The Grand Chamber of the European Court of Human Rights today ruled that the UK had violated the residents' right to an effective remedy before a domestic court [1] and ordered the Government to pay a proportion of the residents' legal costs. There is no opportunity for the Government to appeal this decision.
However, in a generally disappointing judgement, overturning the decision of the lower court two years ago [2], the Grand Chamber ruled that there had been no violation of the residents' right to their private and family lives [3] as a result of the Heathrow night flights regime introduced in 1993.
In a powerful dissenting judgement by five of the seventeen judges [4] it was regretted that the Grand Chamber had not taken the opportunity to cement the development of the law in relation to environmental human rights. The dissenting judges stated that the decision of the majority seemed "to take a step backwards" from previous case law in this area and that it gave "precedence to economic considerations over basic health conditions" and noted that the main judgement was "playing down" people's "sensitivity to noise" and that this "runs counter to the growing concern over environmental issues, all over Europe and the world." [5].

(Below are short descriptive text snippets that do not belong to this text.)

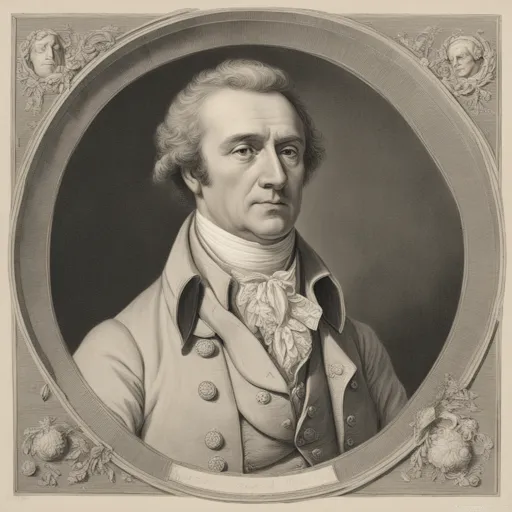 Georg Friedrich Kaulfuss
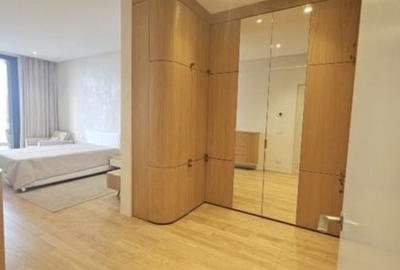 Apartament 4 Camere | Premium | 255 mp | Parcare | One Rahmaninov - 9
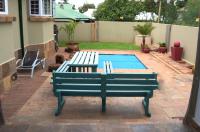  of property in Cullinan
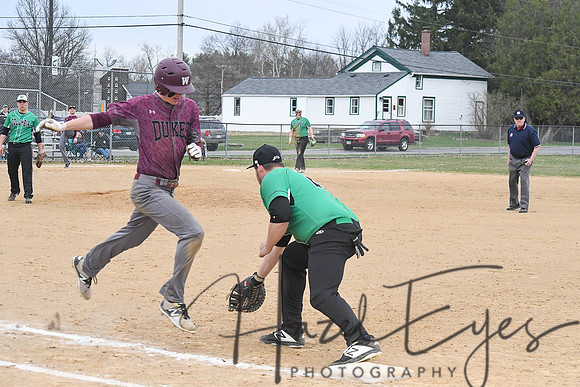 2019 Varsity G10 vs Wellington-55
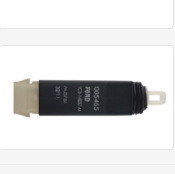 YC15-14B287-AA központi ajtózár aktuátor Ford V348MK6/MK7-hez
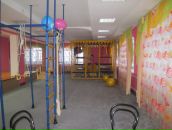 Азат Карамов фотография #2 (источник - https://vk.com/id37507276)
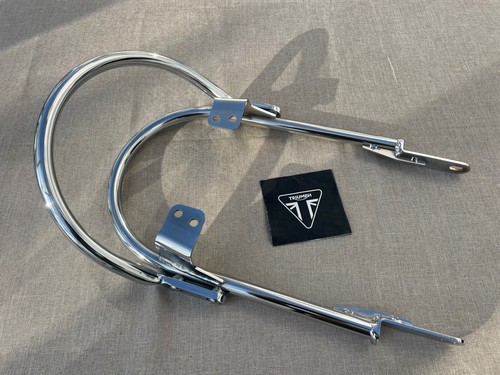 Triumph bonneville 790 865 - triumph,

Paul de Zylva, Aviation Campaigner for Friends of the Earth said
"The misery of night flights is not going to go away and the onus is on the Government to set up a credible system for controlling aircraft noise. This must be dealt with in the aviation White Paper due out later this year. The Government cannot escape the increasing damage to people's lives caused by the aviation industry and it would be naíve to think that people will not continue to take every measure necessary to protect their rights to a clean and healthy environment."
Phil Michaels, Legal Adviser to Friends of the Earth said
"This ruling demonstrates, once and for all, that the UK did not respect the residents' rights to an effective legal remedy in UK courts. That said, this judgement is clearly a disappointment for all those who wish to see the progressive development of the law of environmental human rights. It was precisely to ensure such development that Friends of the Earth intervened in this case. We strongly agree with the five dissenting judges that the European Court has given clear confirmation that Art. 8 of the convention guarantees the right to a healthy environment and welcome the fact that, in a long overdue development, the concept of `environmental human rights' has entered the case law of the ECHR."
Notes
[1] Article 13 provides:
"Everyone whose rights and freedoms as set forth in this Convention are violated shall have an effective remedy before a national authority notwithstanding that the violation has been committed by persons acting in an official capacity."

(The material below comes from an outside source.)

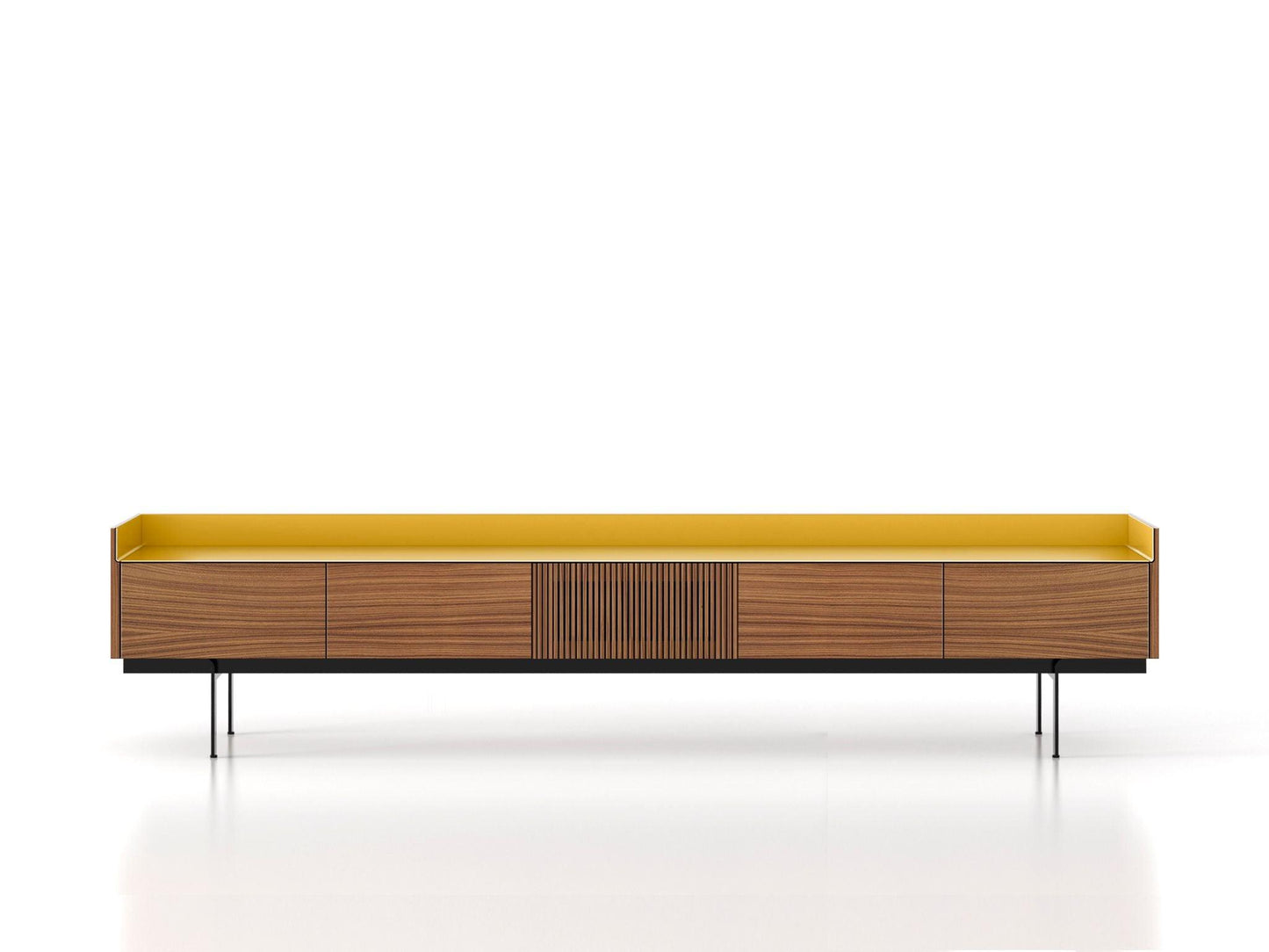 Stockholm Slim Sideboard: STH554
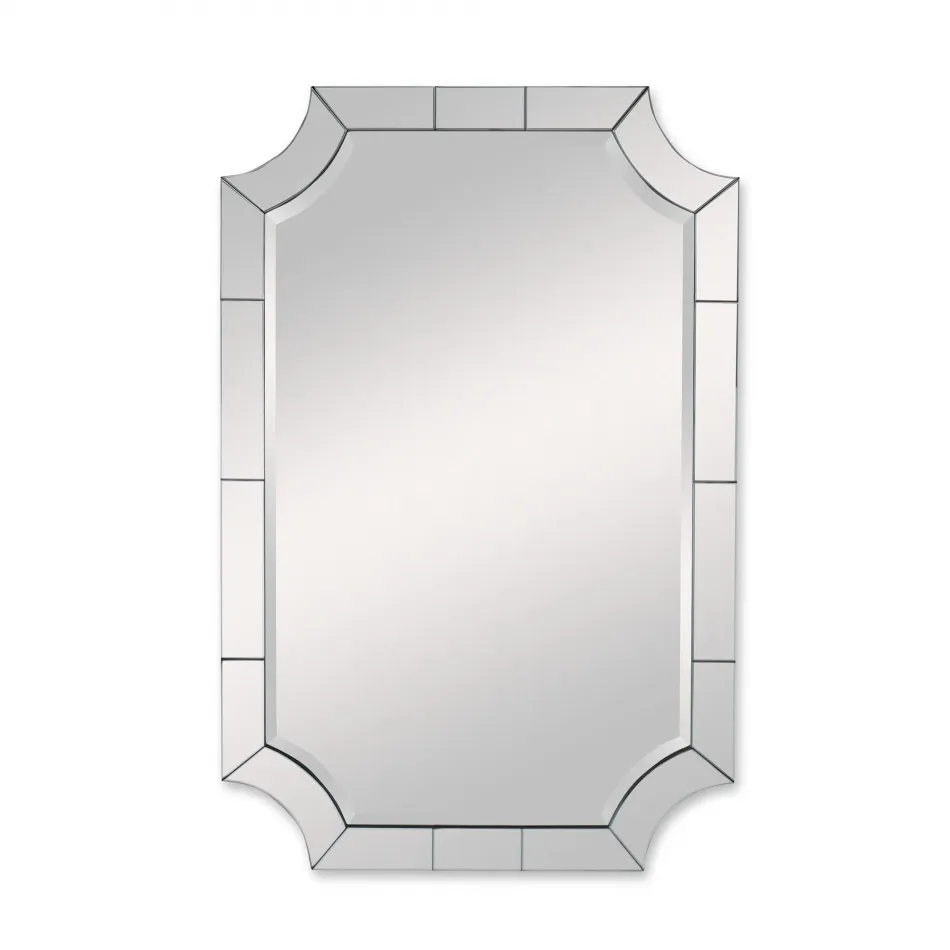 Palazzo Mirror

[2] In October 2001 the Court ruled in favour of the residents, finding that the UK had "failed to strike a fair balance between the United Kingdom's economic well-being and the applicants' effective enjoyment of their right to respect for their homes and their private and family lives". The Court also found that the applicants' rights had been violated because they had not been able to obtain an effective remedy before the UK domestic courts. The case before the ECHR started following a number of unsuccessful judicial reviews brought by various local authorities whose residents were affected by night flights.
[3] Article 8 provides:
"1. Everyone has the right to respect for his private and family life, his home and his correspondence.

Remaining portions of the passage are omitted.